SCOTUSblog Denied Senate Press Credentials, May Sue

SCOTUSblog May Sue Over Senate Denying Press Credentials
A journalist runs a copy of the Supreme Court decision on health care to her colleagues, Thursday, June 28, 2012, in Washington. (AP Photo/Evan Vucci)
A journalist runs a copy of the Supreme Court decision on health care to her colleagues, Thursday, June 28, 2012, in Washington. (AP Photo/Evan Vucci)

NEW YORK -- SCOTUSblog publisher Tom Goldstein wrote Wednesday that the Senate Press Galley has denied its application for a press pass and will not renew a credential previously granted to Lyle Denniston, a veteran Supreme Court reporter who writes for the site.

In a post on his site, Goldstein wrote that SCOTUSblog plans to appeal the decision, and if denied, will “litigate the issue.”

The Senate Press Gallery distributes credentials for news outlets covering Congress. The Press Gallery advises the Standing Committee of Correspondents, which is made up of five elected journalists, and the Standing Committee makes the final decision on credentialing.

Siobhan Hughes, a Wall Street Journal reporter and chairwoman of the Standing Committee of Correspondents, said, "We're not commenting at this point in time." Laura Lytle, director of the Senate Press Gallery, did not immediately respond to a request for comment.

Despite winning major journalism awards and becoming a go-to source for comprehensive coverage of Supreme Court decisions, SCOTUSblog has struggled to obtain press credentials.

The Supreme Court has never credentialed SCOTUSblog, although Denniston currently has a credential for his work with Boston public radio station WBUR. For now, SCOTUSblog can request public seats for cases, but cannot send another reporter in Denniston's place. Denniston has covered the Supreme Court for over 50 years, and if he were to retire, SCOTUSBlog would be without anyone with a pass.

In July 2012, Poynter looked at the byzantine credential process and noted that the Supreme Court bases its decision on whether the applicant is already credentialed by the White House or Congress. If SCOTUSblog could secure one of those credentials, the publication might have a better chance of getting the Supreme Court credential.
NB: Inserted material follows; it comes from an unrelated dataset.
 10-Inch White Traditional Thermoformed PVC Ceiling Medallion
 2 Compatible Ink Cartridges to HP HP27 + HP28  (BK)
Joe Keenan, then the director of the Senate Press Gallery, told Poynter in 2012 that SCOTUSblog “failed to show that they were separate from the law firm” where Goldstein and his wife and site co-founder, Amy Howe, practiced.

The Senate Press Galley's guidelines state that applicants "must not be engaged in any lobbying or paid advocacy, advertising, publicity or promotion work" and "must not be involved in prosecuting any claim before Congress or any federal government department."
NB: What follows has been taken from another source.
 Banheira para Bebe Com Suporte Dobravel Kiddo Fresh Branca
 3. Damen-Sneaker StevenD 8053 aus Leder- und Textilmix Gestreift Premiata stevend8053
But in April 2013, the Senate Press Galley granted Denniston a credential to represent SCOTUSblog, and the situation appeared resolved.
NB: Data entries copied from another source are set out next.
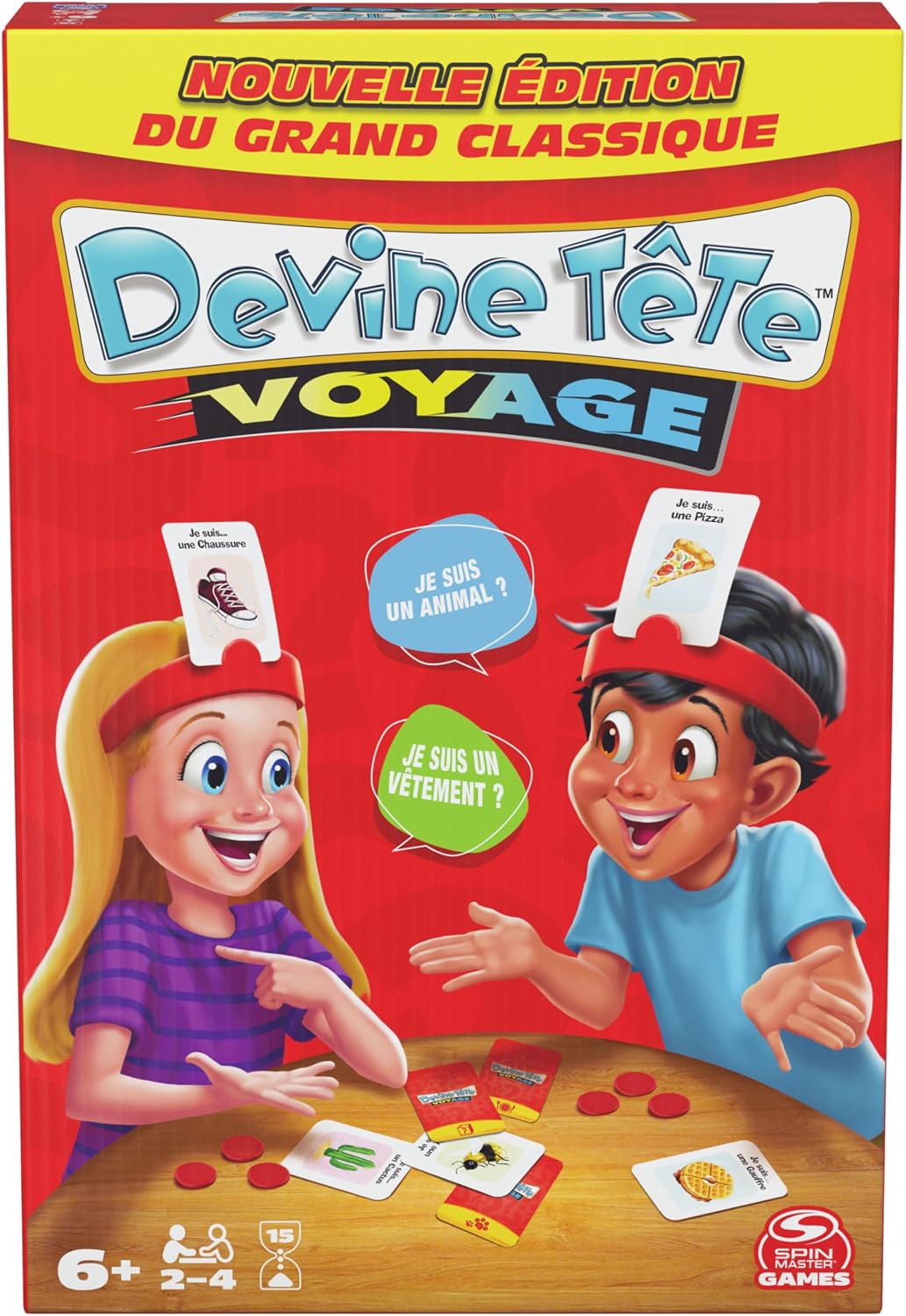 Detalle 2 de Devine Tête Voyage – Jeu de société Spin Master Games (famille) – Bandeaux et devinettes, version française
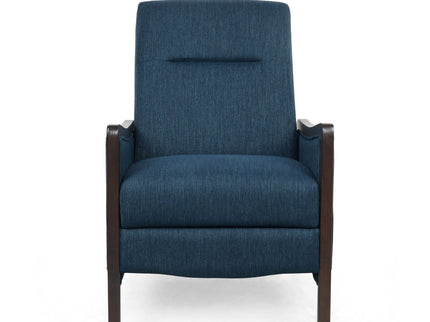 Drury - Contemporary Fabric Upholstered Pushback Recliner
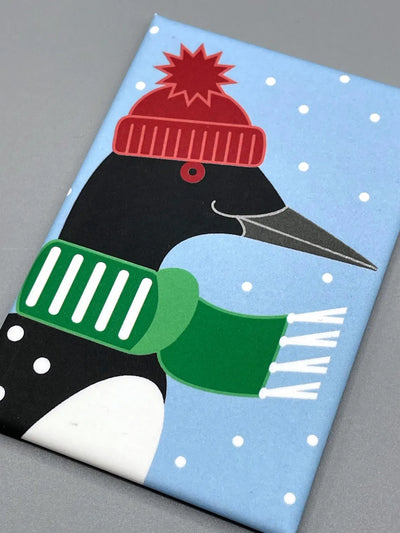 Loon Scarf Magnet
Now, a year later, SCOTUSblog finds itself without a Congressional credential, and Goldstein said he isn't clear on what changed.

"We weren’t given a reason for the denial," Goldstein said in an email to The Huffington Post. "I did have a series of calls and emails with the [Senate Press Gallery] director over the past year, in which she asked a variety of questions and raised various concerns. We actually adopted a stronger conflict-related policy to address them -- ie, a rule that not only would a person from the firm not comment on any case in which we are involved, but that no person who reports to me even as a blog employee can do that. But I don’t know their reason for ultimately turning us down."

"As things stand now, we’ll sue," Goldstein said when asked about any plans to litigate.

"That said, things could change," he continued. "In particular, they might have a compelling reason for denying us a credential that they haven’t given us yet."

This story has been updated with a comment from Siobhan Hughes.